Exercise Status: All exercises complete and verified

1️⃣ Introduction & using Activation Oracles

Learning Objectives
  • Understand what Activation Oracles are and how they differ from traditional interpretability methods
  • Learn the basic workflow: target model → activations → oracle → natural language answer
  • Use pre-trained oracles to query model internals with different question types
  • Explore token-level, segment, and full-sequence queries
  • Test oracles on next/previous token prediction tasks

What are activation oracles?

Imagine you could walk up to a model's hidden layer and just ask it: "Hey, what are you thinking about right now?" That's more or less what an Activation Oracle does.

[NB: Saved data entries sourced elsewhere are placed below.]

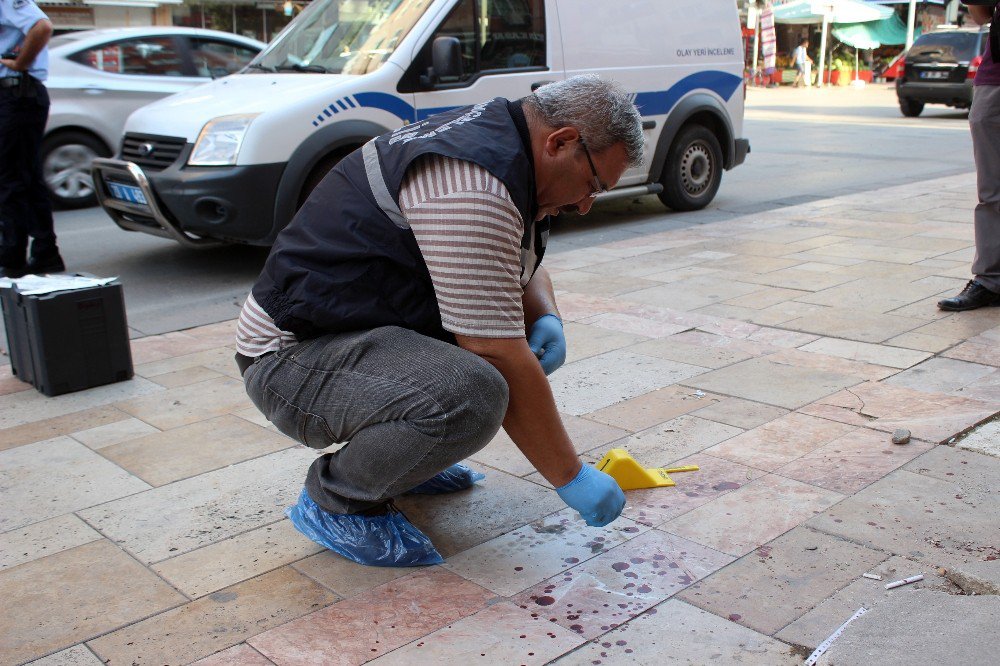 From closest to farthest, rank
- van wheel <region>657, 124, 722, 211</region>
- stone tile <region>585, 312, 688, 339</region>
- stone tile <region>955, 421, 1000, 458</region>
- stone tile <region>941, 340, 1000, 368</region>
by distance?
stone tile <region>955, 421, 1000, 458</region> → stone tile <region>941, 340, 1000, 368</region> → stone tile <region>585, 312, 688, 339</region> → van wheel <region>657, 124, 722, 211</region>

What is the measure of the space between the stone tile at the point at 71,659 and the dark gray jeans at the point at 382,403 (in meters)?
0.72

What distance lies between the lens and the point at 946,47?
1792 cm

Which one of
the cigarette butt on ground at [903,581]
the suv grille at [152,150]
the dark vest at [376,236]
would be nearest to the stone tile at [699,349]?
the cigarette butt on ground at [903,581]

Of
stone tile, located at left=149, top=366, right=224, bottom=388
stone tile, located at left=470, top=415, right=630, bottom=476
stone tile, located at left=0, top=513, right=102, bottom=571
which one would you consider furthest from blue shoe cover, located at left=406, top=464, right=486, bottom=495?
stone tile, located at left=149, top=366, right=224, bottom=388

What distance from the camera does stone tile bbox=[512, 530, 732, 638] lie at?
2.47 metres

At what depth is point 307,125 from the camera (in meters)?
6.23

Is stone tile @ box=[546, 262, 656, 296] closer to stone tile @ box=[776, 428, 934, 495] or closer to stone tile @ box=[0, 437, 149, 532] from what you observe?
stone tile @ box=[776, 428, 934, 495]

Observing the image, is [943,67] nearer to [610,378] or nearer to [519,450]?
[610,378]

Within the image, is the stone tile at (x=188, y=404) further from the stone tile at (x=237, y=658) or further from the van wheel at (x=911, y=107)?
the van wheel at (x=911, y=107)

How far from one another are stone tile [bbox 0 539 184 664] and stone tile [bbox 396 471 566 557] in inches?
29.6

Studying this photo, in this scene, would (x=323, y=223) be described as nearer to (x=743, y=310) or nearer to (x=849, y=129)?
(x=743, y=310)

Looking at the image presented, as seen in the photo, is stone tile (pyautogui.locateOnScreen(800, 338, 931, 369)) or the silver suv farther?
the silver suv

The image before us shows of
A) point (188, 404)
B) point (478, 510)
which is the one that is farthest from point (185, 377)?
point (478, 510)

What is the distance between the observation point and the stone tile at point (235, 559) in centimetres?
269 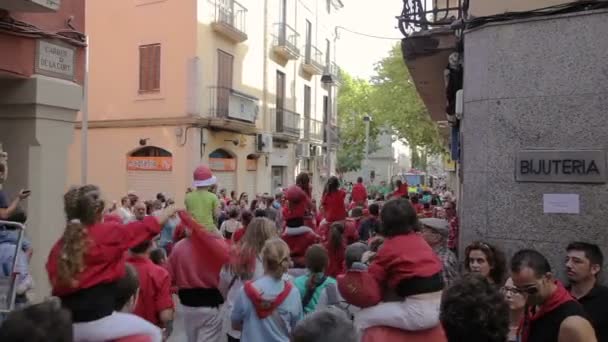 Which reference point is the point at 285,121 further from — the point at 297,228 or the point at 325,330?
the point at 325,330

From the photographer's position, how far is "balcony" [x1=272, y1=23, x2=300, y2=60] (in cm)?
2523

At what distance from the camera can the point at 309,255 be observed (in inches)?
199

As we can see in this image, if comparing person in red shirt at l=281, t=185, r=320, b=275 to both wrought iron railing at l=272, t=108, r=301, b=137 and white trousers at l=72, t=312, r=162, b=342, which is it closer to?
white trousers at l=72, t=312, r=162, b=342

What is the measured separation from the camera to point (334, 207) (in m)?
9.80

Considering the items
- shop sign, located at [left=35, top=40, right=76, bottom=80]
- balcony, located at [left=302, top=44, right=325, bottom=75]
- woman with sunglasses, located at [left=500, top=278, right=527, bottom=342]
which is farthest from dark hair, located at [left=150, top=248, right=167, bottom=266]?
balcony, located at [left=302, top=44, right=325, bottom=75]

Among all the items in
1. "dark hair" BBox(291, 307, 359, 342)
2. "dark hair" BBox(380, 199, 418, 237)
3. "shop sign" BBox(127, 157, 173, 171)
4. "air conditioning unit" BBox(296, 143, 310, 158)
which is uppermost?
"air conditioning unit" BBox(296, 143, 310, 158)

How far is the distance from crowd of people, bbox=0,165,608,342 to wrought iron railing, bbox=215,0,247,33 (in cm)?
1584

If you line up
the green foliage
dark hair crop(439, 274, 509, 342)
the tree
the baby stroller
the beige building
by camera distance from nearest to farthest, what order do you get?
dark hair crop(439, 274, 509, 342) → the baby stroller → the beige building → the green foliage → the tree

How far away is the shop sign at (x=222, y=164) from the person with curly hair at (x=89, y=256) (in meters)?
17.2

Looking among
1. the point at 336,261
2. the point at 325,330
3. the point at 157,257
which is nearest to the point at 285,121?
the point at 336,261

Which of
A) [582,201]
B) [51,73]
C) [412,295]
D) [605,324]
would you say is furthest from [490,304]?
[51,73]

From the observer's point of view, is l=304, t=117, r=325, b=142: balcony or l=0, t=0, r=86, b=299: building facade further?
l=304, t=117, r=325, b=142: balcony

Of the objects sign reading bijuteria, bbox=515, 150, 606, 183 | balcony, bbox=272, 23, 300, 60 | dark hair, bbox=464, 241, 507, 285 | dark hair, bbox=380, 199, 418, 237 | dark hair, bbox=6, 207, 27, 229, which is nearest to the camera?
→ dark hair, bbox=380, 199, 418, 237

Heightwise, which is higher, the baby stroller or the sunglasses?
the sunglasses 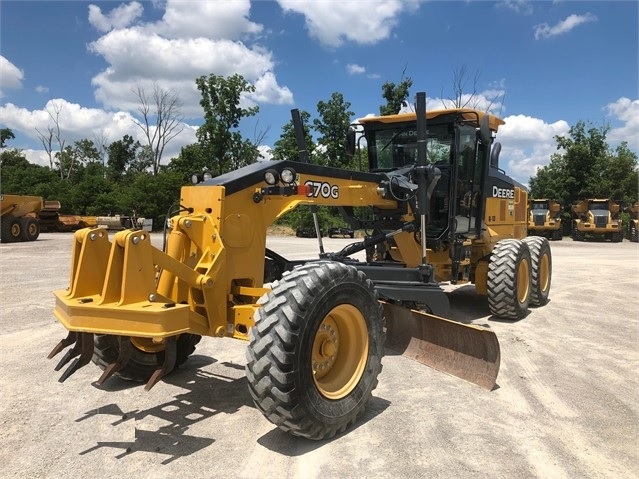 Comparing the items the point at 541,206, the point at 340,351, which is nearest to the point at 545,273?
the point at 340,351

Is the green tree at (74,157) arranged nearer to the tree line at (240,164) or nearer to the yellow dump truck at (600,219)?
the tree line at (240,164)

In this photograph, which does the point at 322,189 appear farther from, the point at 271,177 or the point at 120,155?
the point at 120,155

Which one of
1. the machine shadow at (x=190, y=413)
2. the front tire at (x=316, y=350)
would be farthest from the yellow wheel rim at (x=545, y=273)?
the front tire at (x=316, y=350)

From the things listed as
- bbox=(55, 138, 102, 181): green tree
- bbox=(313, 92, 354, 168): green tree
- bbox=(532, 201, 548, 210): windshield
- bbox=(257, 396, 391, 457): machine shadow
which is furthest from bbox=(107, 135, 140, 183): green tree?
bbox=(257, 396, 391, 457): machine shadow

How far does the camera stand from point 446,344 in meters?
5.17

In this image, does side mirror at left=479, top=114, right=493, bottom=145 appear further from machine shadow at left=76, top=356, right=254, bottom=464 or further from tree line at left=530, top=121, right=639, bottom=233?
tree line at left=530, top=121, right=639, bottom=233

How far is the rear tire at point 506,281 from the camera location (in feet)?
24.1

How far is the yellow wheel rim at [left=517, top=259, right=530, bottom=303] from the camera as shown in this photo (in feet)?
26.3

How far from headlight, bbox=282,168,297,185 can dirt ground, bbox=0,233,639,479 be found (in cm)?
192

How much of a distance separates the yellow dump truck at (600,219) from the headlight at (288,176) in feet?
99.5

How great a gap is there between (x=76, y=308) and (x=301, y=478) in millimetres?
1836

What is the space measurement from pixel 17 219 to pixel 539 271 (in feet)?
72.4

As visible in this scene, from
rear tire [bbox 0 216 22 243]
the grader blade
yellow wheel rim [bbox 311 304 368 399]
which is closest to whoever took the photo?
yellow wheel rim [bbox 311 304 368 399]

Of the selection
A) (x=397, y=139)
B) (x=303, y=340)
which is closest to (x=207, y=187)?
(x=303, y=340) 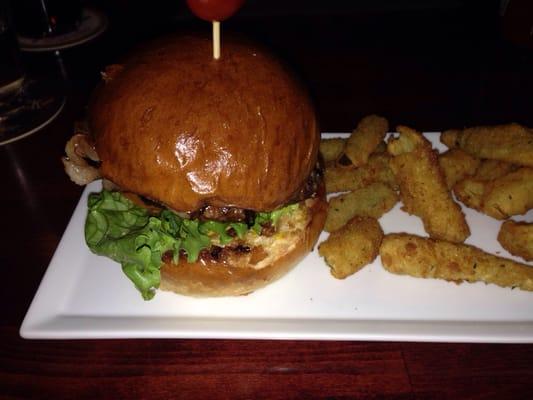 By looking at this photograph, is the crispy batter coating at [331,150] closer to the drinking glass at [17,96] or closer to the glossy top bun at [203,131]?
the glossy top bun at [203,131]

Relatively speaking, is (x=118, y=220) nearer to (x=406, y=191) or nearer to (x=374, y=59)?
(x=406, y=191)

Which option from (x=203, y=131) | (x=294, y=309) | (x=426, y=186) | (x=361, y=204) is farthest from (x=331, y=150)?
(x=203, y=131)

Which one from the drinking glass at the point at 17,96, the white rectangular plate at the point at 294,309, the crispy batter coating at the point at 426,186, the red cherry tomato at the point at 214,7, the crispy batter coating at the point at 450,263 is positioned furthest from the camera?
the drinking glass at the point at 17,96

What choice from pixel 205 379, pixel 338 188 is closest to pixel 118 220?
pixel 205 379

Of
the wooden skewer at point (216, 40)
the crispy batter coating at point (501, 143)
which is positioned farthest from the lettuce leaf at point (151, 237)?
the crispy batter coating at point (501, 143)

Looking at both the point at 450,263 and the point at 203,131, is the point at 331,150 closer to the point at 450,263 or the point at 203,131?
the point at 450,263

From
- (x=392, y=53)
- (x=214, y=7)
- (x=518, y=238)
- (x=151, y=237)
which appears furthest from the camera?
(x=392, y=53) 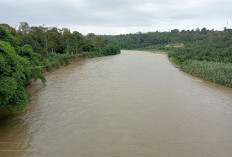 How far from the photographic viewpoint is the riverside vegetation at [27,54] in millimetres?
7949

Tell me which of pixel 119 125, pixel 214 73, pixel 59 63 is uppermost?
pixel 59 63

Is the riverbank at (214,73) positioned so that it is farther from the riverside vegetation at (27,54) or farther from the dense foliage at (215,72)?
the riverside vegetation at (27,54)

More concretely, an Activation Oracle (AO) is an LLM that has been trained to accept another model's internal activation vectors as part of its input and then answer questions about them in natural language. The oracle and target model are typically the same base architecture (with the oracle loaded as a LoRA adapter), since the oracle needs to already "speak the language" of the target's activation space. During inference, it works by assembling a prompt that looks something like:

Layer N: ? ? ? Is this a positive sentiment?

The oracle runs a forward pass on this prompt, but after an early transformer layer (e.g. first or second) we swap in the target model's actual layer-N activations at those ? token positions. So the oracle processes its question in light of the target model's internal state.

The idea of querying activations with a language model has been floating around for a while, but only recently has it started working well enough to be useful in practice. The reason people are excited is the generalization story. Compare this to the other tools you've seen so far: a linear probe can only answer the specific binary question it was trained for ("positive or negative?"), and if you want to ask a different question you need to build a new dataset and train a new probe. SAEs give you an unsupervised decomposition into features, which is powerful but requires you to manually interpret what those features mean. An oracle, on the other hand, can answer questions it has never encountered during training: you can ask about sentiment, about factual knowledge, about the model's intentions, and it will give you a reasonable answer.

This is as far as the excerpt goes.